Welcome to Full Stack Focus. 👋 

Here’s everything you need to know this week in the world of full-stack development.

Voice AI Goes Mainstream in 2025

Human-like voice agents are moving from pilot to production. In Deepgram’s 2025 State of Voice AI Report, created with Opus Research, we surveyed 400 senior leaders across North America - many from $100M+ enterprises - to map what’s real and what’s next.

The data is clear:

  • 97% already use voice technology; 84% plan to increase budgets this year.

  • 80% still rely on traditional voice agents.

  • Only 21% are very satisfied.

  • Customer service tops the list of near-term wins, from task automation to order taking.

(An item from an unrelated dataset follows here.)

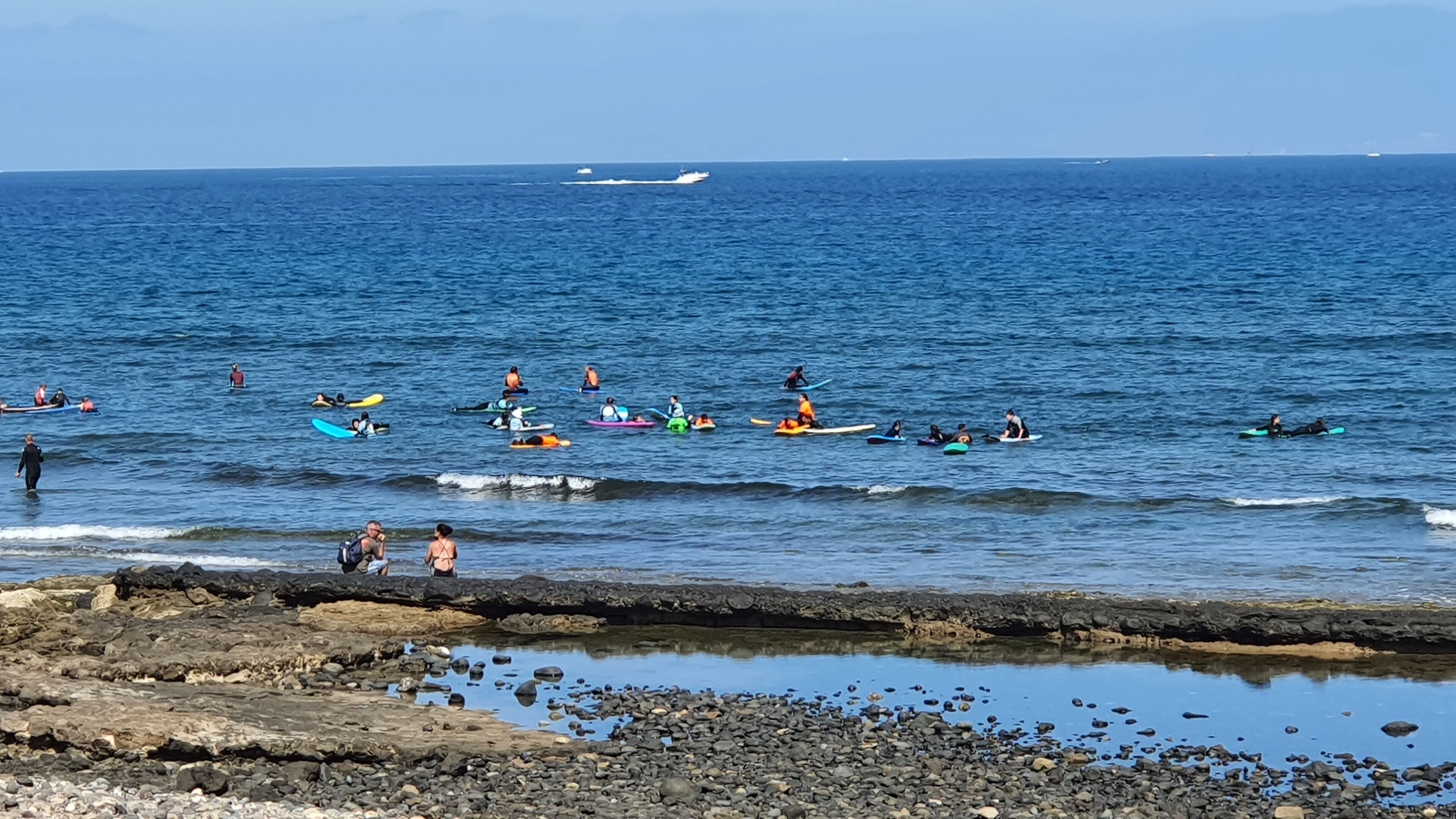 A beach with kayakers and surfers.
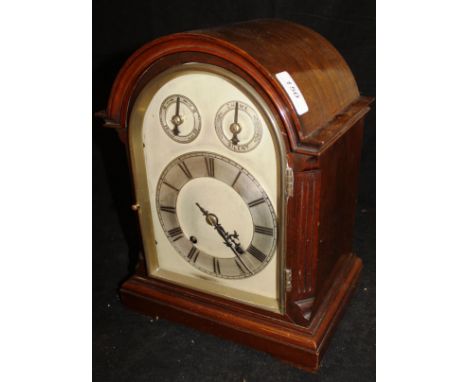 An early 20th Century mahogany cased mantle clock, the German eight day movement with silvered dial and chapter ring with Rom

See where you stand against your peers, learn what separates leaders from laggards, and get practical guidance for deploying human-like agents in 2025.

Programming

📃 Battle-Tested Lessons from 10 Years in a Single Codebase
Spending 10 years in one codebase taught Jason Pollentier lessons you just can’t get from project-hopping. He learned that the best code isn’t the most “future-proofed”, it’s the easiest to change once reality proves your assumptions wrong. Over time, he realized that complexity is debt and that deleting code is often a victory, not a loss. The real skill? Designing for the unknown future, making systems that can bend without breaking.

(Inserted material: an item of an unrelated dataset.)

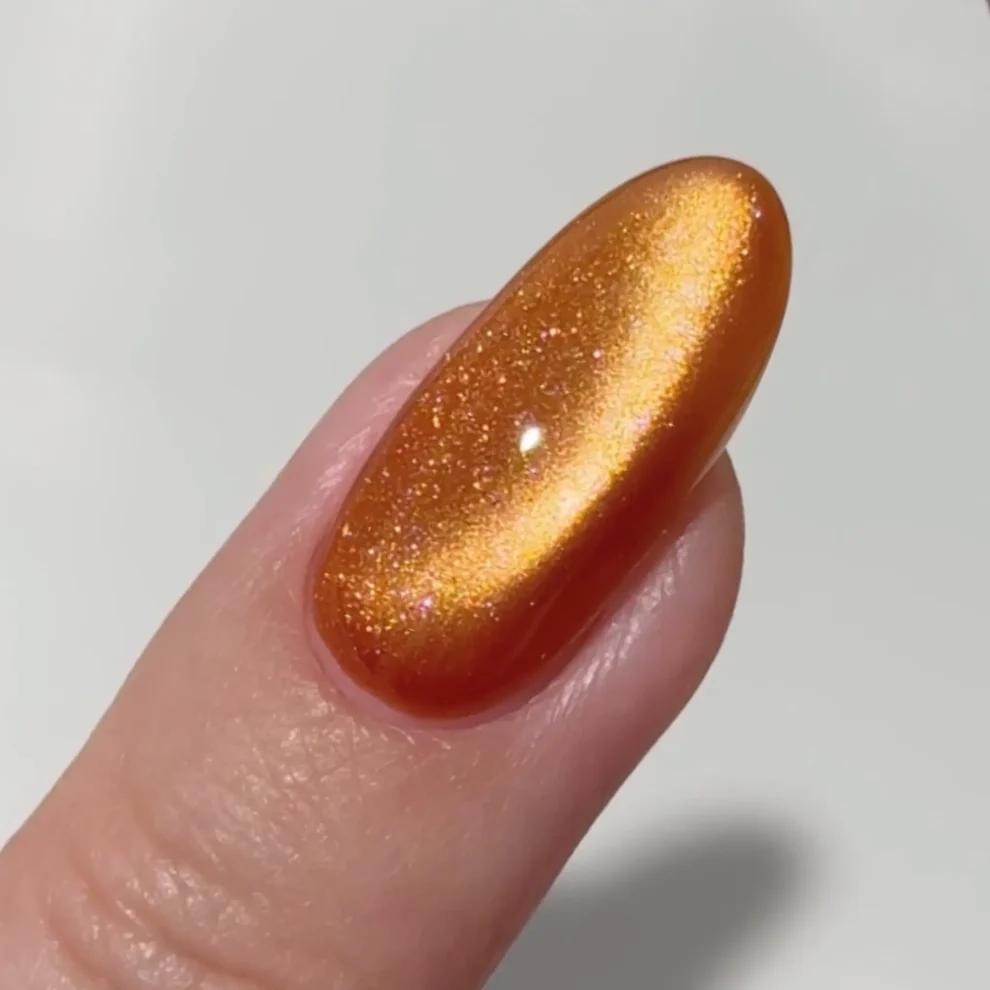 DND - DC 9D Cat Eye - Catch A Tiger - Gel Polish at Beyond Polish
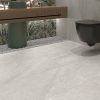 A modern bathroon floor with 24x48 Limestone White tile floor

🧠 All of the ways I use Claude Code
Shrivu Shankar dives deep into how he uses Claude Code, both as a hobbyist tinkering in VMs and as a pro building large-scale AI-IDE tooling. He argues that while the CLI agent race is heating up, success often comes down to “vibe and workflow fit” rather than raw capability. His goal? Delegate smartly, judge by results, and master features like CLAUDE.md, Subagents, and Hooks to make coding almost hands-free.

🤖 You Should Write An Agent
Building an LLM agent isn’t some arcane art, it’s shockingly simple. In just a few lines of code, you can recreate the core loop behind ChatGPT itself. The real challenge isn’t prompts, it’s context engineering, managing memory, tools, and loops so your agent stays smart. Whether you love or hate LLMs, you can’t understand them until you build one. It’s like learning to ride a bike, theory won’t cut it.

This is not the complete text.